3.2 Les mesures répressives de l'Acte d'Union

Au Québec, on retient surtout de l’Union qu’elle fut encline à mettre fin à l’existence de la nationalité canadienne-française. Elle n’accordait en effet aucune place officielle au français. Elle fusionnait le budget des deux provinces, forçant ainsi les contribuables du Bas-Canada à éponger l’énorme dette publique du Haut-Canada. Elle adoptait une représentation parlementaire à l’avantage du Haut-Canada. Enfin, et par-dessus tout, elle déniait aux Canadiens français leur patrie distinctive, les confinant pour la première fois au statut de minorité dans leur propre pays16.

3.2.1 Division des sièges

Il s'avère intéressant de noter que, selon l’interprétation formulée par Conrad et Finkel dans HCP, la distribution des sièges s’inscrit comme une mesure visant d’abord à ne pas désavantager le Haut-Canada, moins peuplé, que de pénaliser les francophones du Bas- Canada17. Une légère altération s'est installée dans la version du récit qu'on trouve dans CH, où l’on avance plutôt que la mesure venait conférer plus de poids aux électeurs du Canada- Ouest, mais aussi qu'elle garantissait le statut minoritaire des francophones à l'Assemblée.

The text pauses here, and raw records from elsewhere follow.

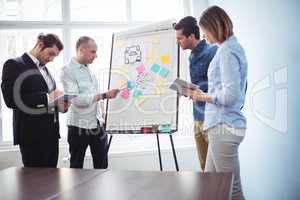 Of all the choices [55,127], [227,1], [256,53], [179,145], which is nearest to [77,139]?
[55,127]

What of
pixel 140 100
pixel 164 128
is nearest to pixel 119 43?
pixel 140 100

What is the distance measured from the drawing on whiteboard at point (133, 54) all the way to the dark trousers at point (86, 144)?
0.63 meters

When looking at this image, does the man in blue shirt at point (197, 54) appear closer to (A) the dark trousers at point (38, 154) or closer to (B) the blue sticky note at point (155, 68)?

Pour Bumsted, l’Acte d’Union fit en sorte que l'élément anglophone était surreprésenté. Ce que nous devons retenir, cependant, est que « the arrangement that had initially benefited Canada West quickly came to disadvantage it, producing a deadlock that would not be

14 Canada: A History, op. cit., p. 180. 15 Narrating a Nation, op. cit., p. 330. 16 Arthur Silver et al, op.cit., p. 48-49.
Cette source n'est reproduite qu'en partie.